EXERCISE DESCRIPTION
Return the whole listing exactly, omitting the pictures.

SOURCE DATA
——————————

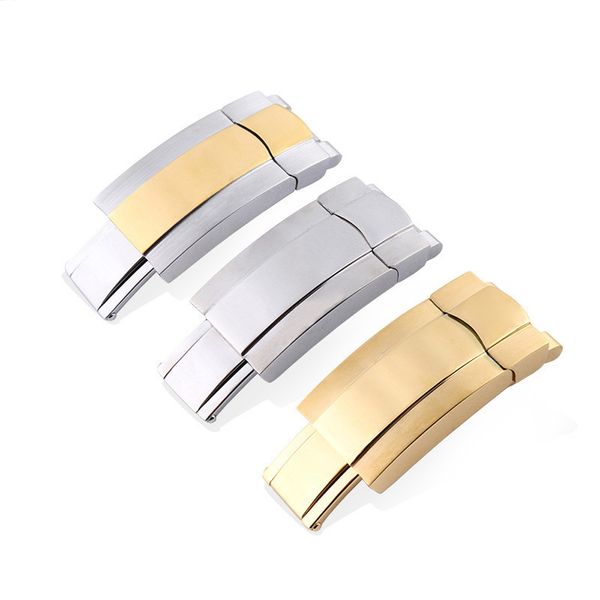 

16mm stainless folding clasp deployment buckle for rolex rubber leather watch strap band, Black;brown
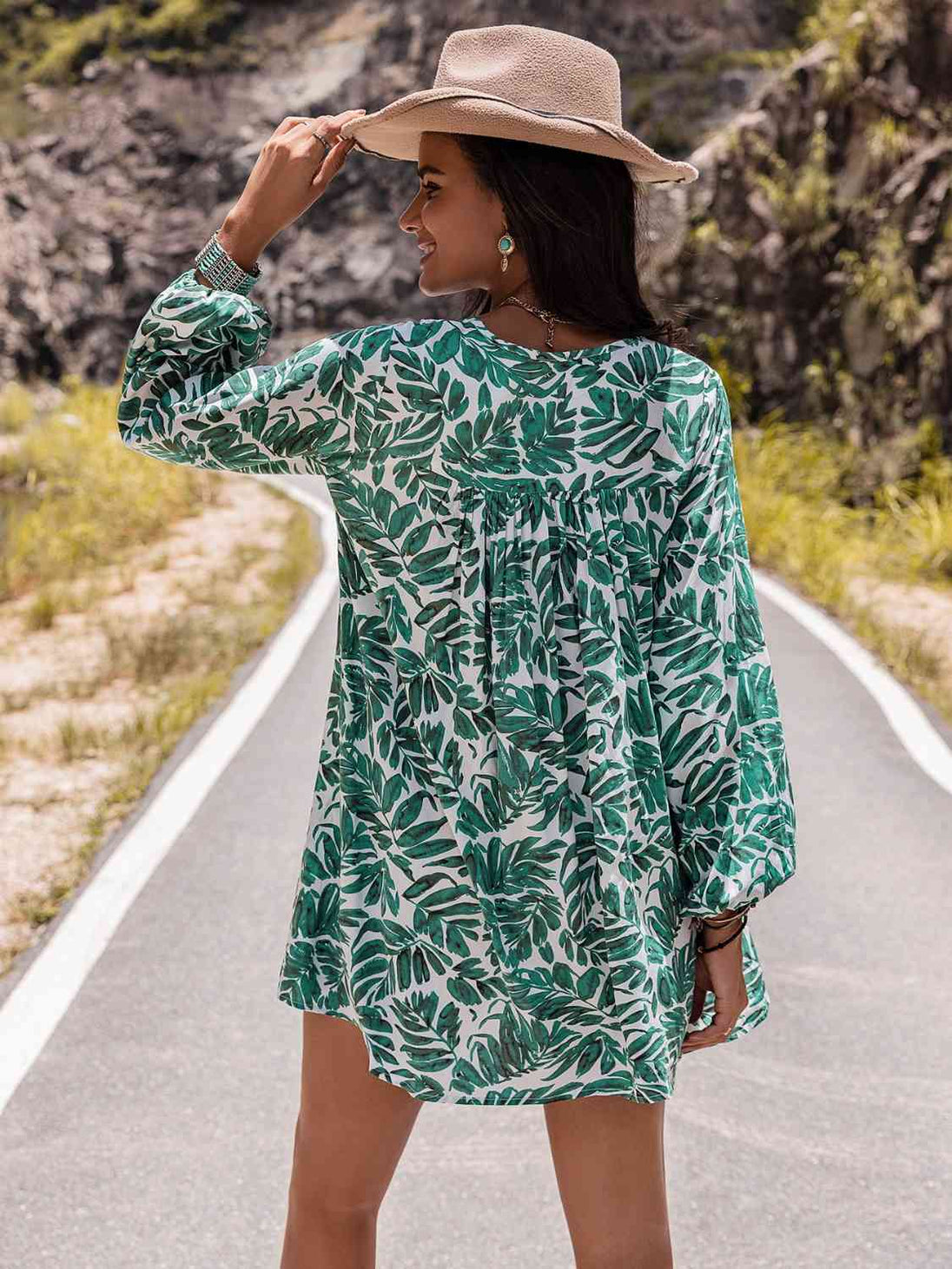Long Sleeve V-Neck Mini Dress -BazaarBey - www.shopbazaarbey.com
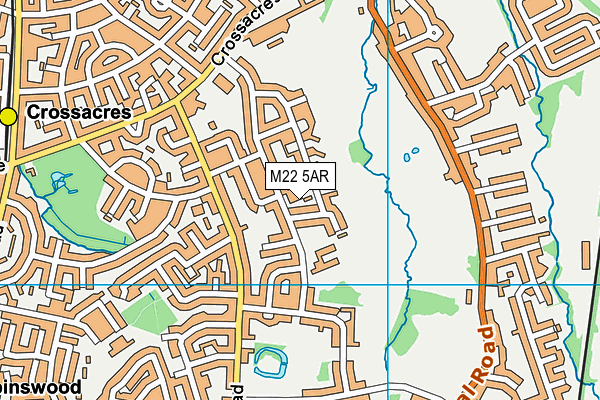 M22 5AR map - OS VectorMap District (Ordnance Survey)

——————————

ANSWER AREA
16mm stainless folding clasp deployment buckle for rolex rubber leather watch strap band, Black;brown
Long Sleeve V-Neck Mini Dress -BazaarBey - www.shopbazaarbey.com
 M22 5AR map - OS VectorMap District (Ordnance Survey)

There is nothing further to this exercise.